Meanwhile, there’s also an effort to make Dalhousie the first Canadian node of Innovation Corps, or I-Corps, the U.S. National Science Foundation’s program for commercializing scientific research. I-Corps specializes in teaching scientists how to commercialize their research, and in the past few years has worked with 1,500 of the leading scientists in the U.S.

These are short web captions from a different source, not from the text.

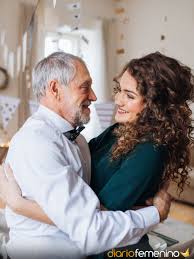 Si tú eres de las que no se expresa fácilmente, por falta de inspiración o porque simplemente no encuentras las palabras exactas para decirle cuanto quieres a tu papá, aquí te dejamos 21 frases que puedes dedicarle a papá en su día. Dia Del Padre Las Mejores Frases Para Dedicarle A Tu Papa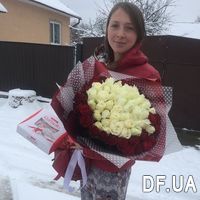 Red white bouquet of roses 101 - Photo 1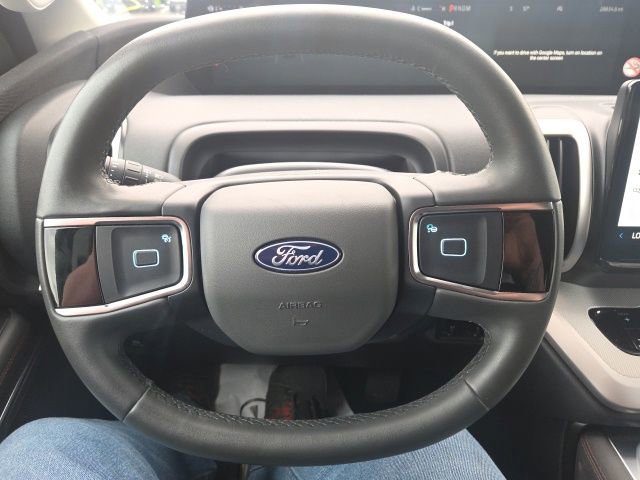 Used 2025 Ford Expedition Active AWD/4WD image 39
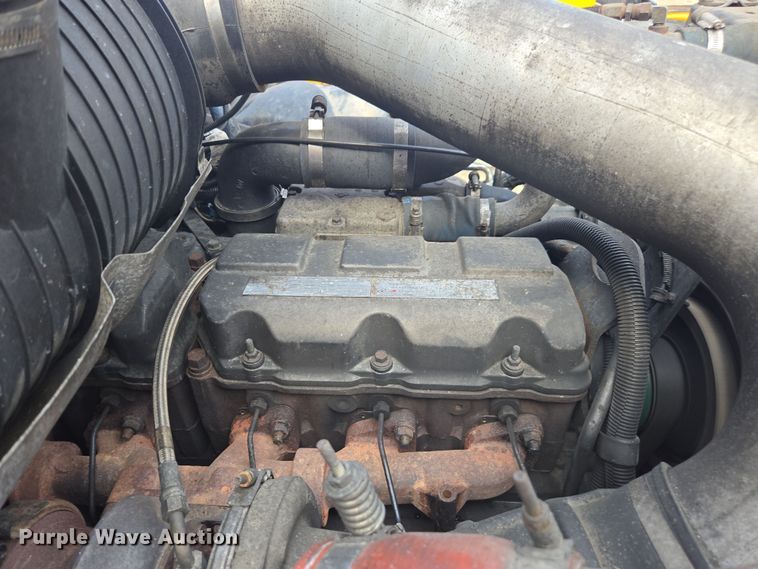 image for item YA0686 2005 Mack Granite CV713 dump truck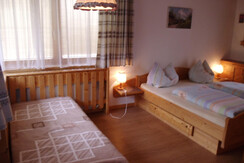 Haus Barbara Niederau Apartment Flieder Schlafzimm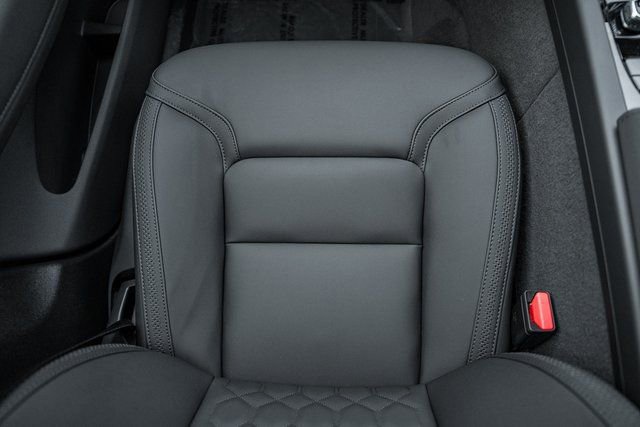 New 2026 Volvo XC60 B5 Plus w/ Protection Package Premier image 32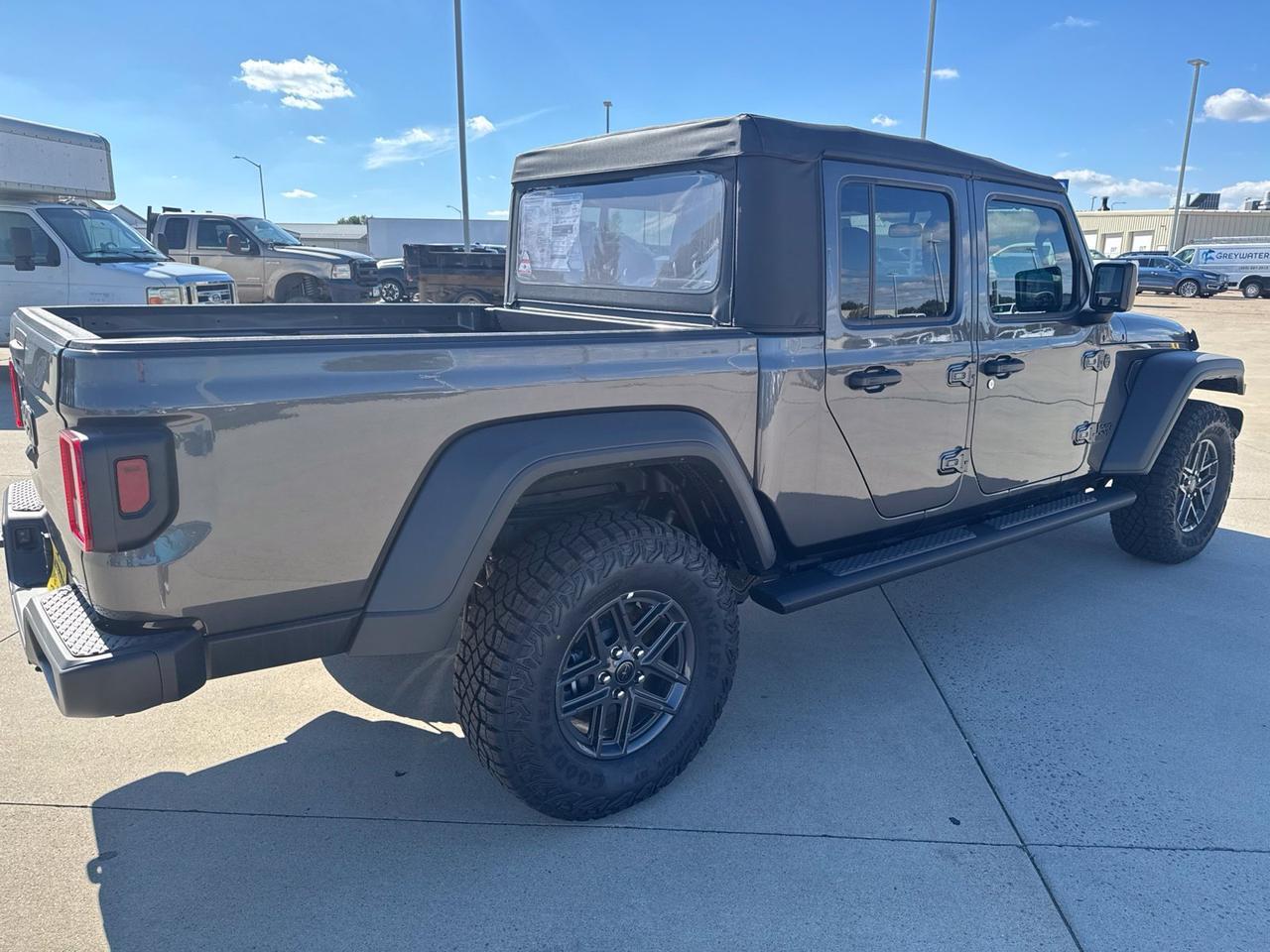 2026 Jeep Gladiator Sport Watertown SD 2026 Jeep Gladiator Sport Watertown SD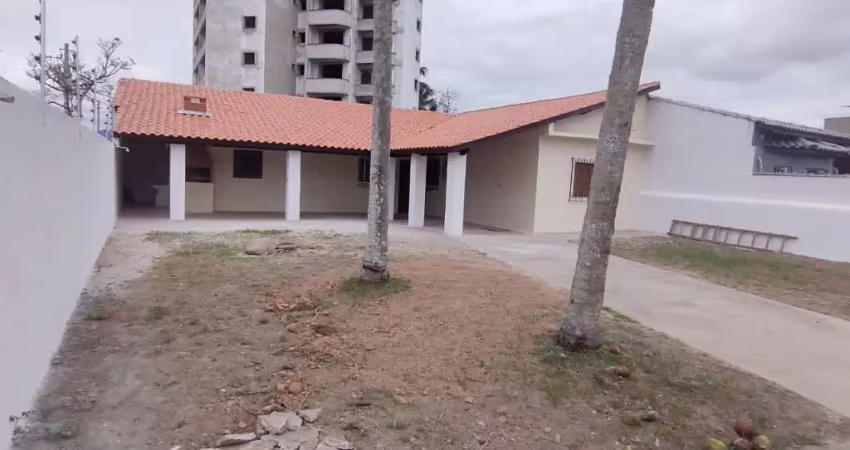 Locação definitiva a 200 metros da praia do aruã,casa independente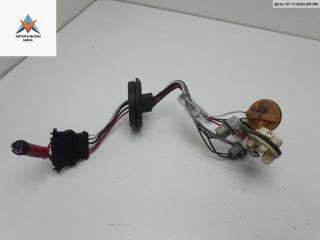 Патрон лампы фонаря Skoda Fabia 2 поколение (5J) 2007, 1.2 л., бензин, МКПП, красный, хетчбэк 5 дв., 191872218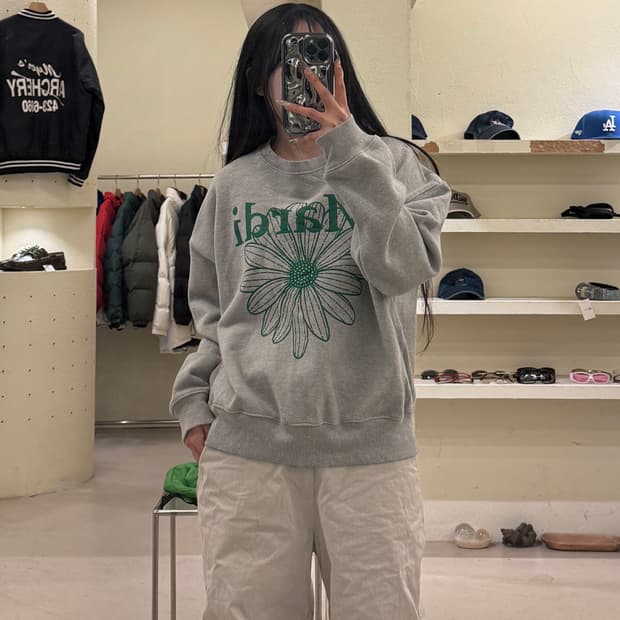 마르디 메크르디 플라워 로고 맨투맨 U1061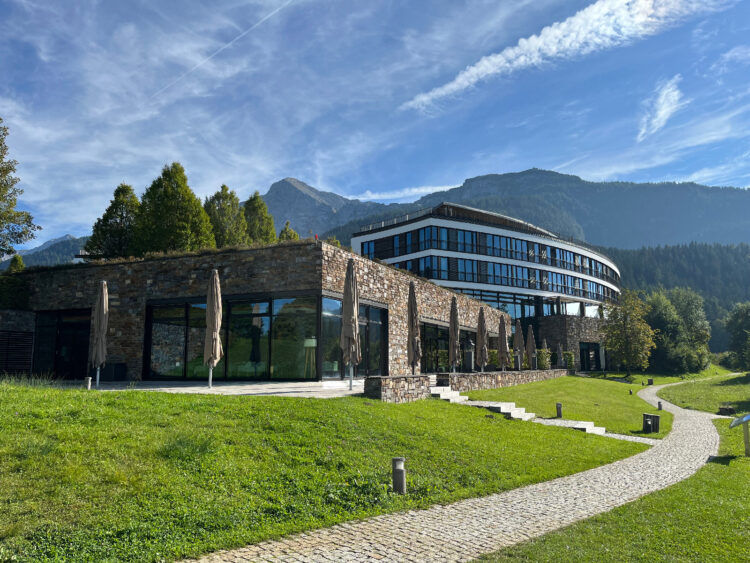 Kempinski Berchtesgaden Seitenansicht 1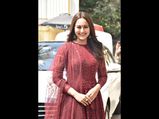 Sonakshi Sinha Gives Us A Formal Wedding Function Outfit Idea With This Red Anarkali 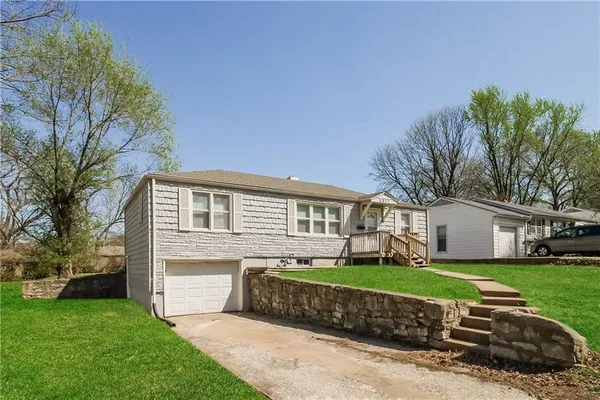 $175,000 | 5317 Ralston Avenue, Raytown, MO 64133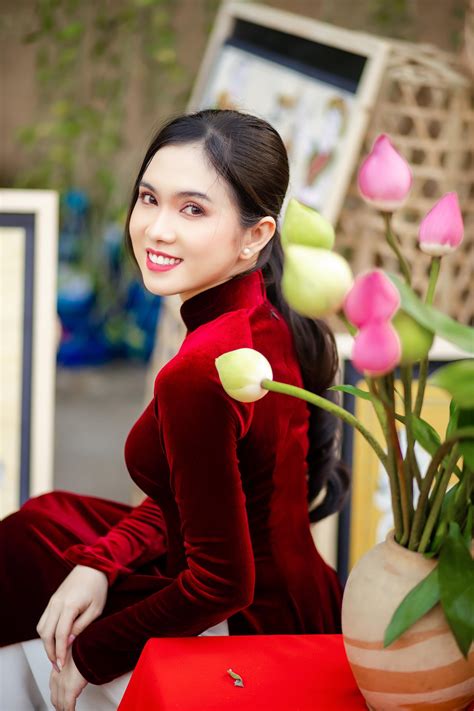 Hot Girl Mi N T Y Khoe Nhan S C Ng T Ng O Trong T O D I N T T H T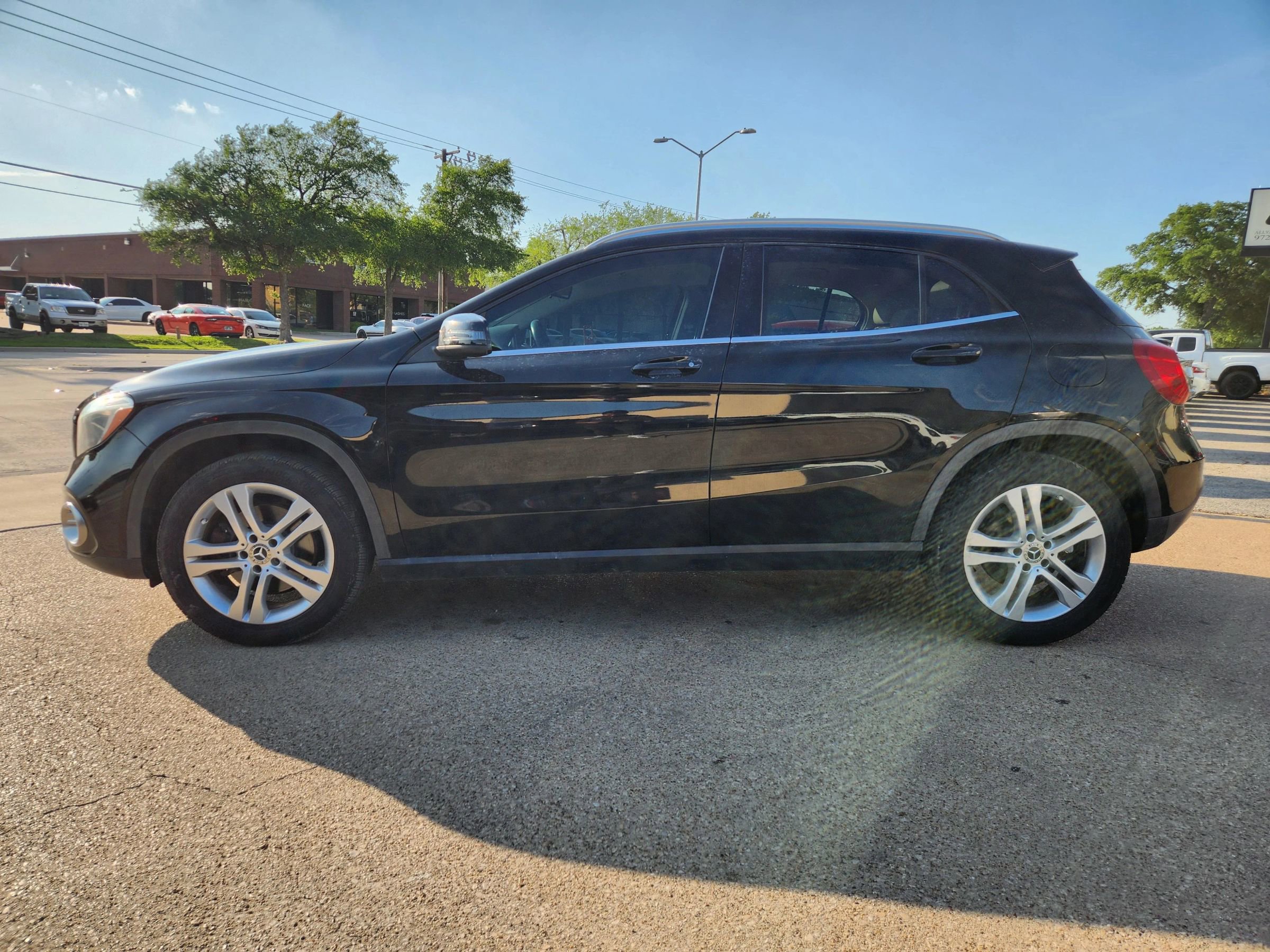Used 2018 Mercedes-Benz GLA 250 image 2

So by the end of the year, our largest research institution could be affiliated with CDL and its network across Canada, as well as I-Corps and its links across the U.S. They could work with other startup groups in or around Dal, like Launch Dal, ShiftKey Labs and the IDEA Project. Through Springboard Atlantic, the group that co-ordinates the commercialization of Atlantic Canadian university research, other institutions in the region should also benefit from this advance. It could be an integrated ecosystem, bringing in new companies and helping maturing companies to grow.
There are still some hurdles to clear to make all this happen. Dalhousie needs to do a better job of spinning its research into companies — UNB, for example, has a more co-ordinated approach to developing research into companies. Dalhousie has been in the news recently because it is not renewing the contract of entrepreneurship professor Ed Leach. It has to get beyond the bad feelings created by that move.
And yet, Dalhousie has the opportunity to be the linchpin in something special — a layered ecosystem with scientific research and its core, and whose connections reach across the continent.